-- Material shown --
------------------------

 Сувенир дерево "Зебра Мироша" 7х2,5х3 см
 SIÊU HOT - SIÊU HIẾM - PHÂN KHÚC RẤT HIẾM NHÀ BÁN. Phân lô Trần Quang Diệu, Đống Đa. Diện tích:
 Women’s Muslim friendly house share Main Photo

------------------------

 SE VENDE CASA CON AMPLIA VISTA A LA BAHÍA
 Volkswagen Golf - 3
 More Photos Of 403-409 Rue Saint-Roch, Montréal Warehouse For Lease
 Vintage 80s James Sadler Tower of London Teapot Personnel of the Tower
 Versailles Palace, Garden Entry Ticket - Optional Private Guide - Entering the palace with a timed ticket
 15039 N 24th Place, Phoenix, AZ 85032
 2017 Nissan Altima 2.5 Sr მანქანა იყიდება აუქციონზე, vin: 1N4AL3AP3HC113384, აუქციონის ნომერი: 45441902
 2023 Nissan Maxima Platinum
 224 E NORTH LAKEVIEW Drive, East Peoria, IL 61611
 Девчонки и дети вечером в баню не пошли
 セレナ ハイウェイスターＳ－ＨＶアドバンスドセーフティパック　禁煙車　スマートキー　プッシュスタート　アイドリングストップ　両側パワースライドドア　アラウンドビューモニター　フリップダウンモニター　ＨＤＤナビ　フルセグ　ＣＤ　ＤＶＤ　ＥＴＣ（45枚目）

------------------------

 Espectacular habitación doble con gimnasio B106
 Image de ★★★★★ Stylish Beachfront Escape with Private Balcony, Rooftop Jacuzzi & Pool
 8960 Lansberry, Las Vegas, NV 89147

------------------------

-- The problem --
Write out exactly the lines above from the line with "Vintage 80s James" through the line with "15039 N 24th Place, Phoenix, AZ 85032", both of them included, and leave out all other lines.

-- Completed exercise --
 Vintage 80s James Sadler Tower of London Teapot Personnel of the Tower
 Versailles Palace, Garden Entry Ticket - Optional Private Guide - Entering the palace with a timed ticket
 15039 N 24th Place, Phoenix, AZ 85032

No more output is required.